# Our First Dedicated Theater Room



## Jeff Aguilar (Apr 11, 2006)

Been a while since I have posted. But, since we are now having our home built, I can share about our plans for a new theater. We have figured a bunch of stuff out, but there is sooo much more that I haven't even considered yet.

A little over a year ago, we sold our house in the hopes of having another one built. I sell homes for a living, in fact, I sell new construction homes most often. The last home we had built, we had a wonderful family room/home theater area that was a lot of fun to watch movies in. But, after visiting with Erik Farstad and seeing his dedicated home theater room down in his basement, I hoped that one day we could do something like that.

Here is what we used to have fo a home theater...










Like I said, this worked out really well, but after going over to Erik's and watching a projector, I was JEALOUS!! :hissyfit:

The big problem is where we live, Washington State, they do not build homes with basements very often. The water table is to high. You have to be on a hillside to get a basement or it ends up wet all the time. Unless you build a custom home or a very expensive home, a basement is just not an option.

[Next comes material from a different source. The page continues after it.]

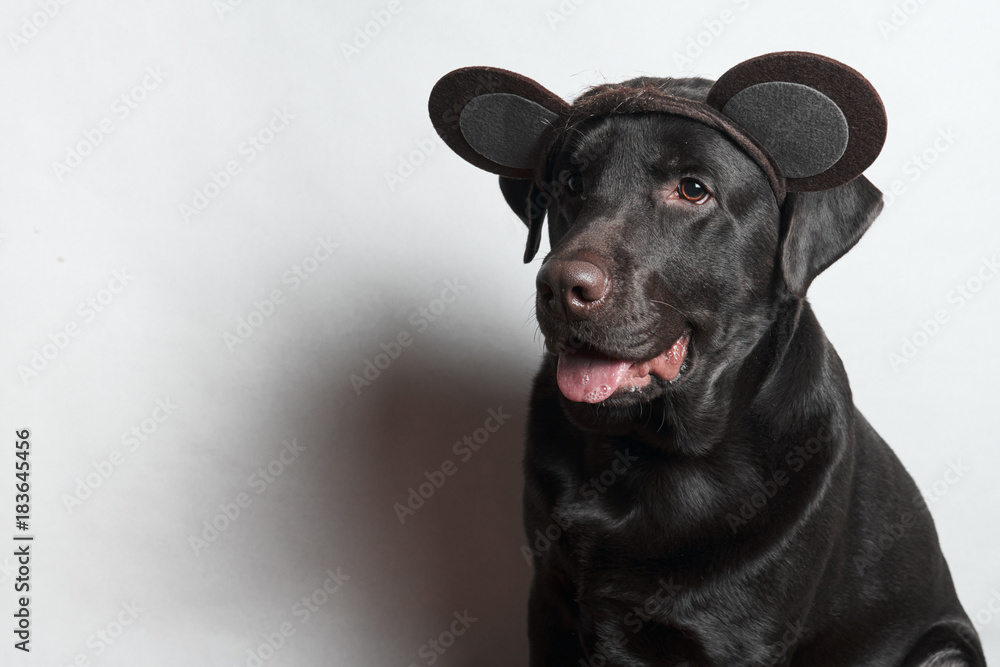Funny dog. Festive image. Labrador. White background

The builder that I am selling homes for had two different neighborhoods that could take a daylight basement. I chose the development that was closest to work. There was only one lot in this neighborhood that could take a basement, so I jumped on it - LAST YEAR. It has finally started construction.

I'll attach some floorplans of the basement real soon.

Jeff Aguilar


----------



## Sonnie (Apr 11, 2006)

Hey Jeff... :wave: ... great to see you back around... :T

I'm looking forward to following your project. 

Those ML's look sweet!


----------